[Exercise aim]
When you reach the line with "Handwoven Multicolour Chindi" in the records below, begin transcribing exactly and continue up to and including the line with "PA license plate JJO2172", leaving out every picture.

[Entries supplied]
┌──

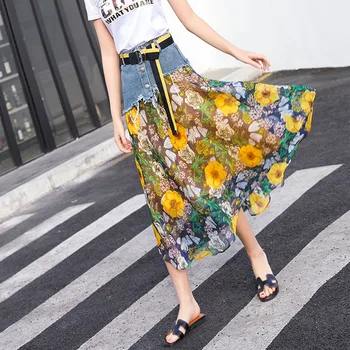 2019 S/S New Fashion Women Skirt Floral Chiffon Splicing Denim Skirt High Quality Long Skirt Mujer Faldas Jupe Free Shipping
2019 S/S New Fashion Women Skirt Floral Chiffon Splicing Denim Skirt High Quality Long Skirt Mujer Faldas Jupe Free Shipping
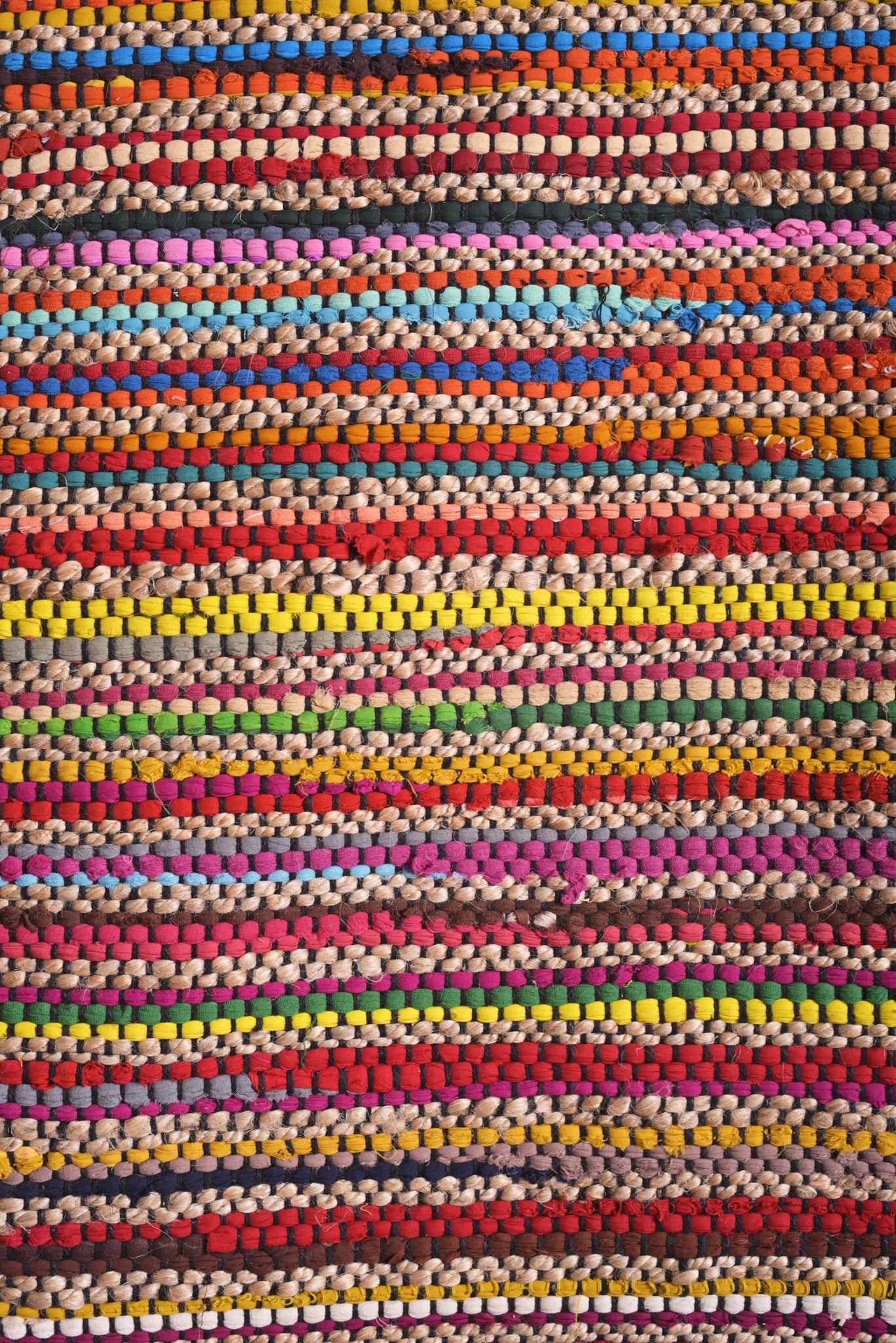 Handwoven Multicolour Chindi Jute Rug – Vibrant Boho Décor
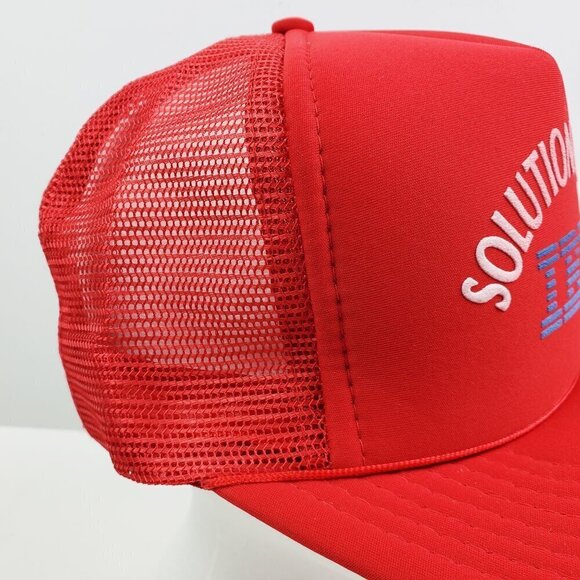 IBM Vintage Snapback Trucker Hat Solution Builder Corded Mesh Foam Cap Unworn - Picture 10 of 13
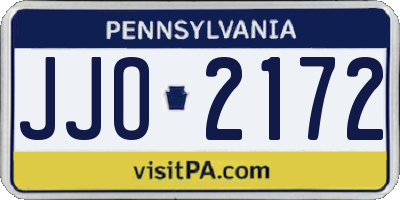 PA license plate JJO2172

└──
┌──

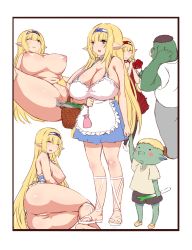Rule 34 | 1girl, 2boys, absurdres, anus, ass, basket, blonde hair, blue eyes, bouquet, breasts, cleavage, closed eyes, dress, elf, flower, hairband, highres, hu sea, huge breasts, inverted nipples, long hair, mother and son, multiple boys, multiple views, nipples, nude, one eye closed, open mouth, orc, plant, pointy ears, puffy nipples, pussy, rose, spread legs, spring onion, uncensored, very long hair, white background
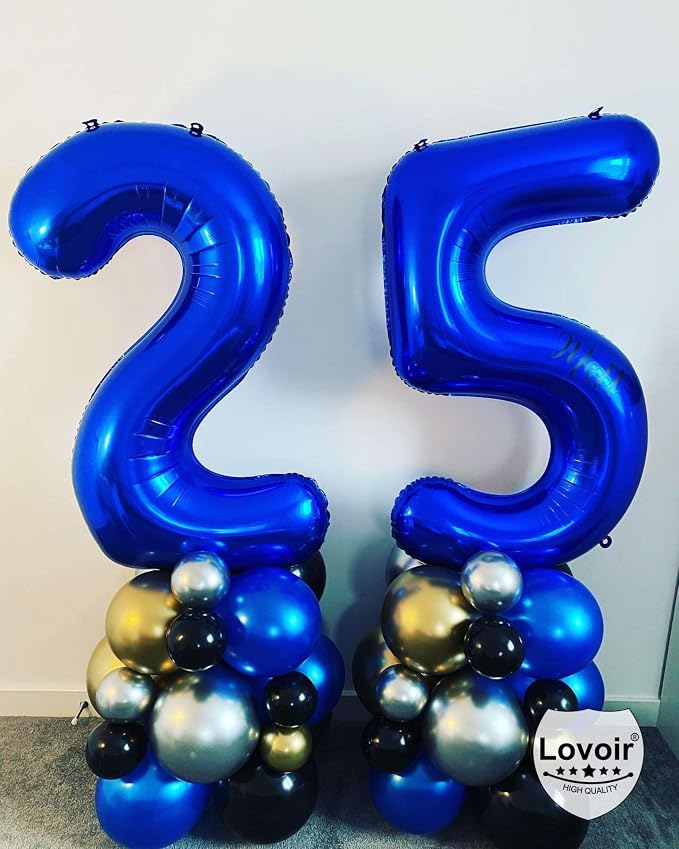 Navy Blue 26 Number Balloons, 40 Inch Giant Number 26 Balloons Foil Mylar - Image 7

└──
┌──

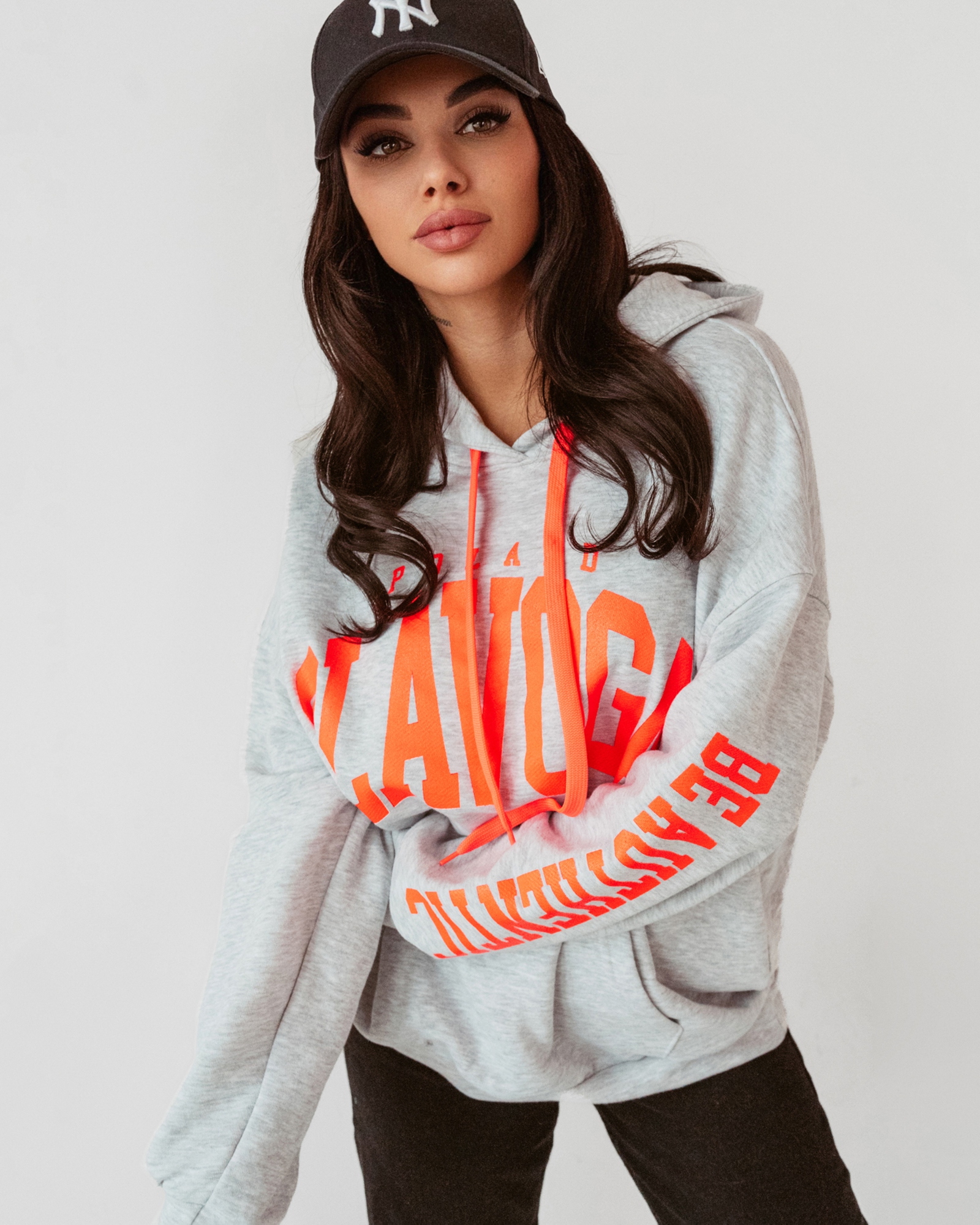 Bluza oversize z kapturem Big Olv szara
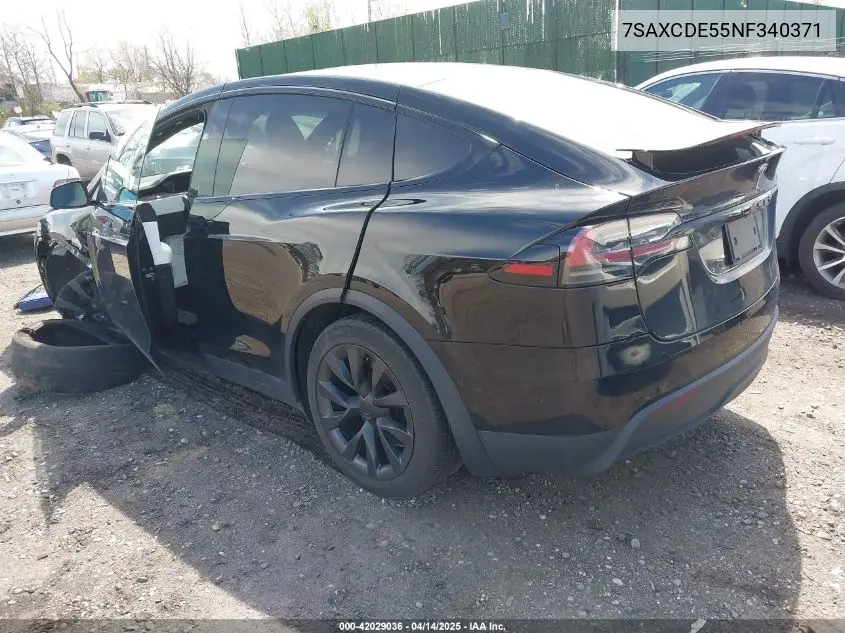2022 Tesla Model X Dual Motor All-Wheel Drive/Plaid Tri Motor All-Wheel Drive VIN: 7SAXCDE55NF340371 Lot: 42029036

└──

[Answer for the task]
 Handwoven Multicolour Chindi Jute Rug – Vibrant Boho Décor
 IBM Vintage Snapback Trucker Hat Solution Builder Corded Mesh Foam Cap Unworn - Picture 10 of 13
 PA license plate JJO2172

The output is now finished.